A conservative legal group is giving the Madison School District 45 days to change a policy the organization says unconstitutionally bars parents from finding out from school staff if their child is transitioning genders or it will sue the district.
The Wisconsin Institute for Law & Liberty, or WILL, sent a letter Wednesday to the district laying out its legal arguments against portions of a “guidance document” for working with transgender and non-binary students, which prohibits staff from revealing to parents if their child is transitioning genders unless the student gives permission.
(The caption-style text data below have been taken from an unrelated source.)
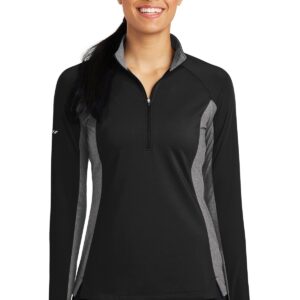 Sport-Tek® Ladies Sport-Wick® Stretch Contrast 1/4-Zip Pullover. LST854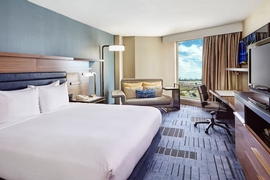 Hilton Newark Airport - The standard king room. 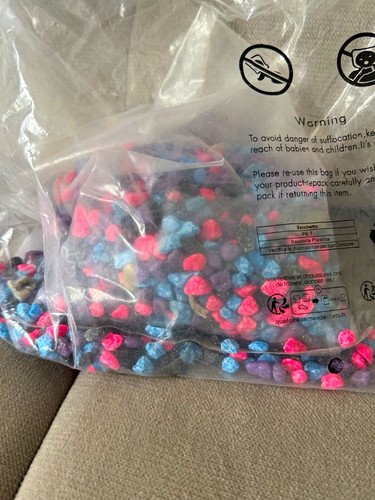 Multicolour aquarium gravels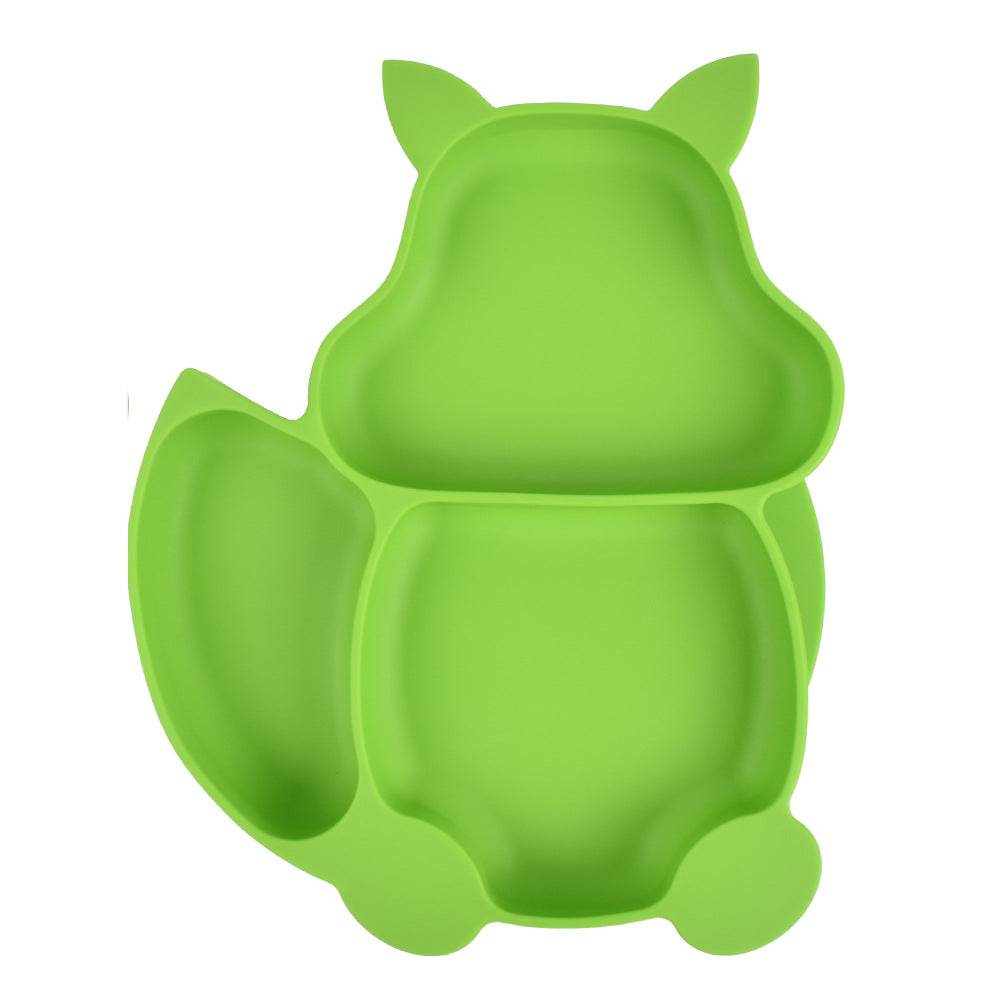 Children's Silicone Dinner Plate Baby Silicone Suction Cup Bowl Complementary Food Set - Mubimart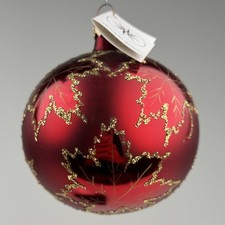 Christopher Radko Ruby Crimson Red Scarlett Christmas Ornament 4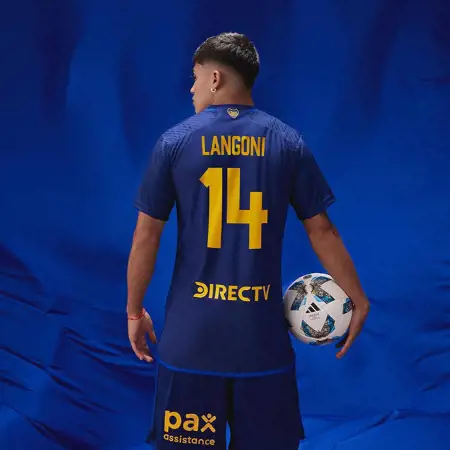 Boca Juniors 3e voetbalshirt 2024 in teken Zweedse vlag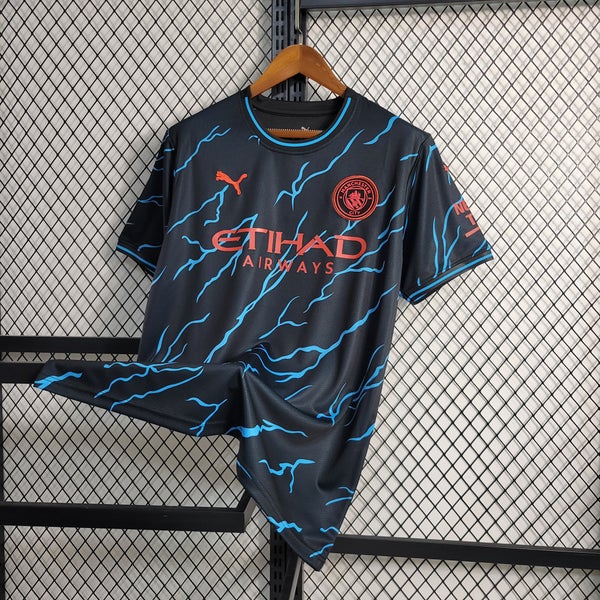 Kids' Man City Full Away Kit 23/24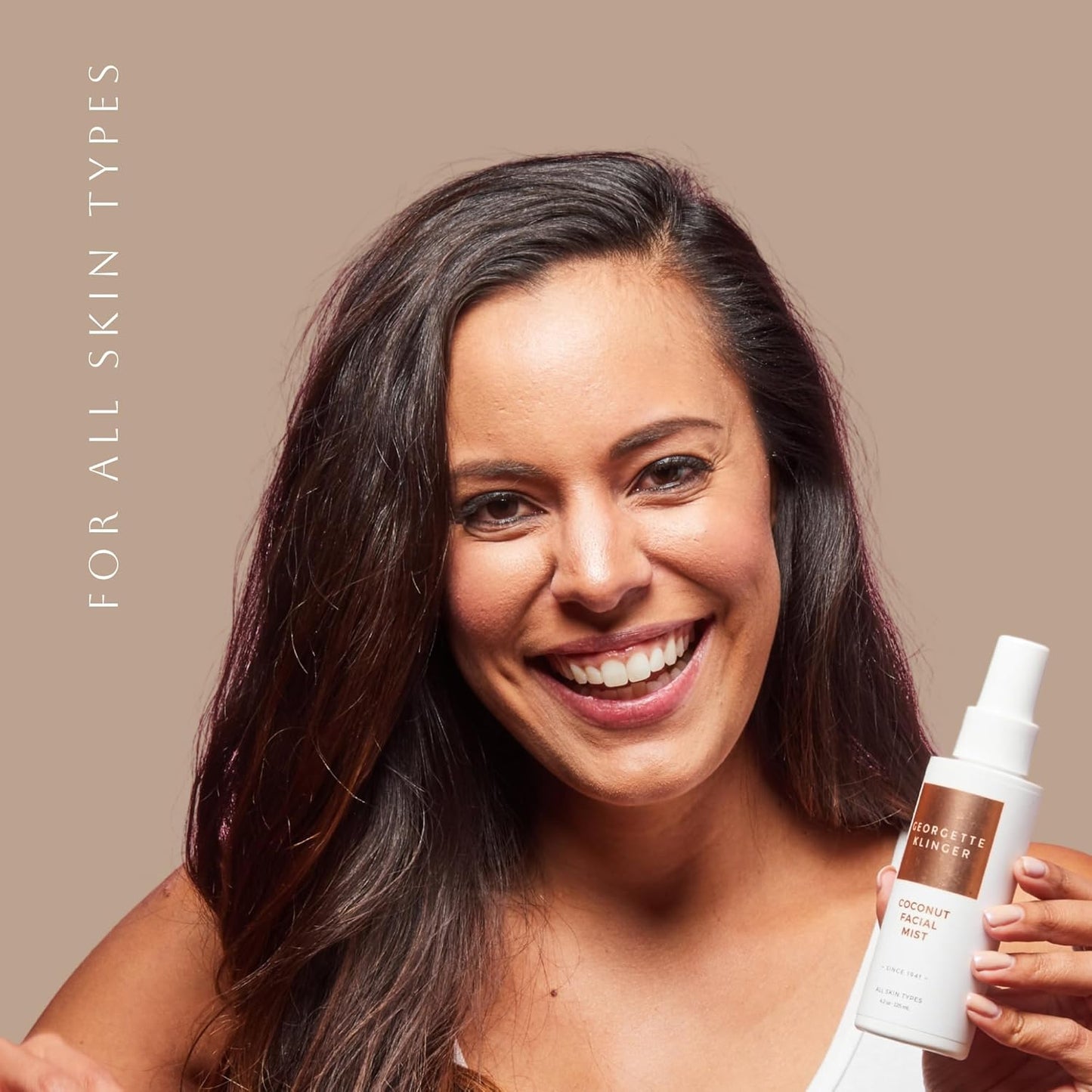 Georgette Klinger Coconut Facial Mist – Hydrating Makeup Setting Spray with Aloe & Antioxidants – Refreshing, Long-Lasting Dewy Matte Hydration – 4.2oz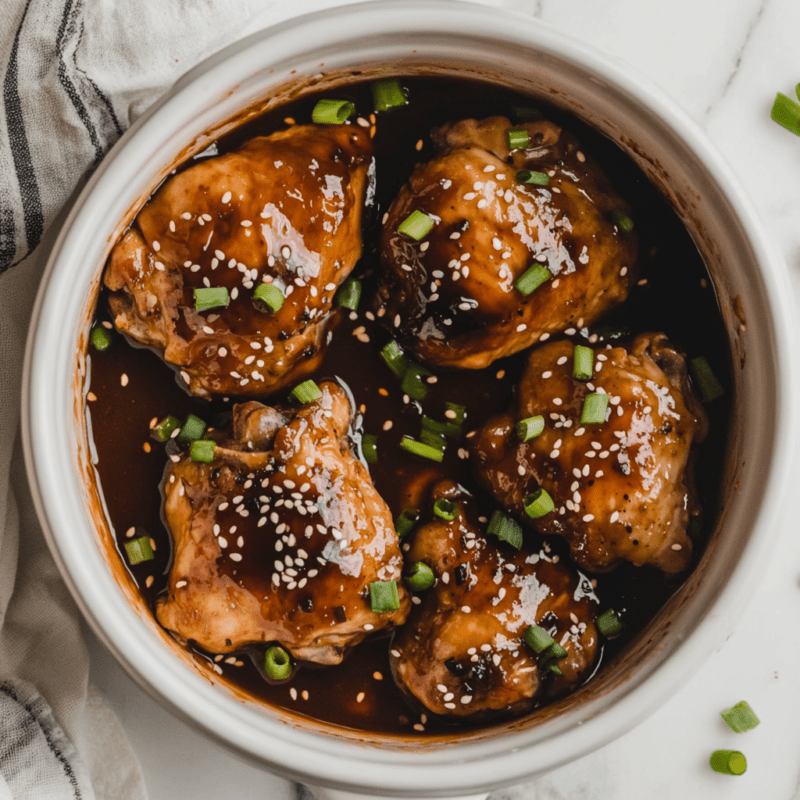 Crockpot Teriyaki Chicken Thighs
“Parents have a constitutional right to be involved in significant decisions that affect their child’s health and well-being,” said Luke Berg, deputy counsel at WILL. “The decision to change gender identity, which should not be a surprise, is both highly controversial and potentially highly consequential, and that’s exactly the type of decision that parents need to be involved in.”
The “demand letter” from WILL — a type of legal document that typically seeks some resolution before a disagreement goes to court — claims the guidance document violates parental rights protected by due process and religious freedom clauses in both the state and federal constitutions.
In the letter, WILL lists previous court rulings it says support its position and asks the district to require “parental notice and consent before a student may change gender identity at school.”
In a statement, district spokesman Tim LeMonds said the district “remains dedicated to creating an inclusive and welcoming learning environment,” including a safe and non-discriminatory environment for students of all gender identities.
“Our commitment to this and all other inclusive practices in our schools remain unchanged,” he said.
District officials have previously argued the district’s 35-page document, which covers a broad range of topics, such as how students can change their names in the student information system and suggested language to be used in classrooms, is a student-centered approach aimed at protecting transgender and non-binary students whose parents might not be accepting of them.
The ultimate goal is for parents to be involved with their child’s transition, district officials have said. The policy, which was put in place last school year, is based on federal law, state law and Madison School Board policy, but it was not voted on by the board.
The district’s former legal counsel previously said the district policy is not only “legally sound, but it is the right thing to do for our students.”
“Currently, our view of the challenged portions of the guidance document remains unchanged,” LeMonds said. “We intend to review the letter closely and will formulate a response accordingly.”
Earlier this year, WILL sent a letter to some parents of Madison students, seeking potential plaintiffs if the issue reaches the courts.
Berg said the group is now representing 15 parents with students in the district who are challenging the policy. He said none of the parents have been directly affected by the district policy, but added: “Parents don’t have a way to know in advance whether their children are going to deal with this issue.”
The demand letter is the first formal correspondence the Milwaukee-based group has had with the district, Berg said.
“Our hope is that the School District will see the flaw in the policy and will be willing to make some changes,” he said. “Obviously, we’d prefer not to file a lawsuit, but what we care about is protecting parents’ rights and changing the policy.”
Berg said it’s critical parents are made aware if their child is questioning their gender identity because they could have gender dysphoria — deep discomfort and distress about a mismatch between their biological sex and gender identity — which may require professional help.
WILL is also seeking the removal of a portion of the guide that states: “School staff shall not disclose any information that may reveal a student’s gender identity to others, including parents or guardians and other school staff, unless legally required to do so or unless the student has authorized such disclosure.”
Additionally, the conservative group is asking the district to remove a section that cautions staff not to “out” transgender and non-binary students when communicating with family about bullying investigations and get rid of a requirement that staff use the name and gender in the district’s student information system when corresponding with family members.
Students are allowed to change their name and gender in the information system, but permission from at least one parent or guardian is required.
Berg said WILL’s Jan. 31 deadline to make changes could be flexible if the district indicates a willingness to alter the guide. He declined to say whether a lawsuit would be filed in state or federal court if litigation is pursued.